Un autre artisan du septième art, Sylvain Bellemare, est derrière l’immersion acoustique, lui qui a reçu l’Oscar du meilleur montage sonore pour le film Arrival, de Denis Villeneuve.

«Le jeu d’acteurs est très proche du cinéma. Le spectateur est enveloppé dans un monde sonore qui l’avale tout entier.» – Jérémie Niel, metteur en scène de Noir

«Déjà, on est tous munis de microphones. Contrairement à l’expérience du théâtre courant, l’expérience cinématographique permet une plus grande intériorité, une intimité de l’ordre du marmonnage, de la voix intérieure qui se traduit par des choses à peine perceptibles ou intelligibles pour le spectateur», décrit Christian Bégin.
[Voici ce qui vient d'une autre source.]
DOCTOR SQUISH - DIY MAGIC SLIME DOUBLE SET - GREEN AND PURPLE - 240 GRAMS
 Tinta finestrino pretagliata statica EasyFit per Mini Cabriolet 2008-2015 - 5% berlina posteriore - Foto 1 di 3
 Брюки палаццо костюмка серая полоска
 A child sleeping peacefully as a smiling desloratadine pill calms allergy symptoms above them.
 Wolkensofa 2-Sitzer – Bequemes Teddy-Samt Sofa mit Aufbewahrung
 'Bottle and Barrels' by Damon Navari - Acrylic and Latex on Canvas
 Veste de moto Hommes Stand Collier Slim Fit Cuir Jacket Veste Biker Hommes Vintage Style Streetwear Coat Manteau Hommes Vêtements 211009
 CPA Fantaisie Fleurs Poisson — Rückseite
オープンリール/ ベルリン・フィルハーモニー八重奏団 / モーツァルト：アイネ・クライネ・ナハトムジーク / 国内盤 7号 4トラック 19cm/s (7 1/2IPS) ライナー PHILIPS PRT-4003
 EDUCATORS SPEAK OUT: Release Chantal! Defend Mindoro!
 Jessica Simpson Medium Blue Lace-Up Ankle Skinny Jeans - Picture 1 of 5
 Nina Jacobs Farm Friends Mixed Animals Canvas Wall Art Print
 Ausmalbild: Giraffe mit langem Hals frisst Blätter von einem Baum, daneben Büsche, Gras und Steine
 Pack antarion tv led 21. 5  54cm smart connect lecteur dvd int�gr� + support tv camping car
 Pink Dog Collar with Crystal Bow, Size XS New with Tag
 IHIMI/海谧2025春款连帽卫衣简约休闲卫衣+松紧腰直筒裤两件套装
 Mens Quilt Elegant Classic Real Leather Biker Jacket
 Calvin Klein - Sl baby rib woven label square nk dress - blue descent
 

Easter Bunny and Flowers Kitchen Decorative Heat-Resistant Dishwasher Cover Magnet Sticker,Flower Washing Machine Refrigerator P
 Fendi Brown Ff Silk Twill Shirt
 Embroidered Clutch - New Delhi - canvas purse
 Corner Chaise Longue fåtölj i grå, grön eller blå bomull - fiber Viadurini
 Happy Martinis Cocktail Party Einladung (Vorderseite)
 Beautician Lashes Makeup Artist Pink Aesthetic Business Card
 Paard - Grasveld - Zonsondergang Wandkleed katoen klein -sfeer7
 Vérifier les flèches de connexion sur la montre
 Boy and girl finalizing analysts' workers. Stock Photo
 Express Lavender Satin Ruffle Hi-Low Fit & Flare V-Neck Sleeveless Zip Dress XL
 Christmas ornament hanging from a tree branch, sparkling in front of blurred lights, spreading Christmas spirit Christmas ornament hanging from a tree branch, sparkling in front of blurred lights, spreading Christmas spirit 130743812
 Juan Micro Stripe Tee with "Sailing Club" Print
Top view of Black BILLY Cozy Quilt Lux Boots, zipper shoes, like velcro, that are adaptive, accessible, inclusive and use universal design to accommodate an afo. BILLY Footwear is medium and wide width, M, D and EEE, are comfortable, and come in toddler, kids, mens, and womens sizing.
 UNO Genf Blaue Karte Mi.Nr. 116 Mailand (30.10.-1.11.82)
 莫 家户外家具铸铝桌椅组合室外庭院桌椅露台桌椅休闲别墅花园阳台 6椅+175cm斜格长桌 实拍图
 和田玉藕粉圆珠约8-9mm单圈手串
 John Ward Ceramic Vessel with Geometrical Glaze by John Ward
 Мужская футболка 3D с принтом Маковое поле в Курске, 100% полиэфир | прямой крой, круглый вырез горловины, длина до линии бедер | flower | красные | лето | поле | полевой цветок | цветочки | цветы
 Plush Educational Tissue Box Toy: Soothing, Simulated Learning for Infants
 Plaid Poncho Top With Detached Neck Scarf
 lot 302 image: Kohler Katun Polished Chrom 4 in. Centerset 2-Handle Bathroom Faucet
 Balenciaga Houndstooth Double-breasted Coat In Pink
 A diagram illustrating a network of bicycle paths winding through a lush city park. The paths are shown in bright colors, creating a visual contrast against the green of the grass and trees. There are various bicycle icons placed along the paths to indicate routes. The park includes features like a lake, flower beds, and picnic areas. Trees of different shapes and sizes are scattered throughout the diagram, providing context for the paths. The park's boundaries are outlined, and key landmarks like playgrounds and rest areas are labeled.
Les dialogues se font rares dans le texte de Noir, «mais c’est très bruyant», assure Jérémie Niel.

«Même dans le silence vocal des comédiens, il y a une forêt en mouvement, des corps qui vivent, des corps qui marchent dans un décor, qui froissent des feuilles, qui cassent des branches.»

Dans ce contexte, Christian Bégin dit adopter une hypervigilance dans son jeu. «La ligne est ténue entre trop faire parler son corps ou ne pas le faire assez. Ça demande une attention absolument nouvelle.»

Quand, enfin, on brise le silence, la parole résonne d’autant plus fort, selon l’approche scénique de Jérémie Niel.

«La parole doit arriver quand on n’a plus le choix, dans l’urgence de ne plus pouvoir rien exprimer par le corps et le regard», affirme-t-il. Noir résiste ainsi au bourdonnement incessant de la vie moderne.

«Cette absence de parole crée le désir chez le spectateur d’entendre cette voix. Elle arrive comme un exutoire, et c’est oppressant, parce qu’on n’est pas habitués à cet espace du silence, on ne sait pas parler autrement qu’avec les mots, car on vit dans un bruit ambiant où tout est “sur-nommé”. C’est une pièce de résistance», soutient le comédien.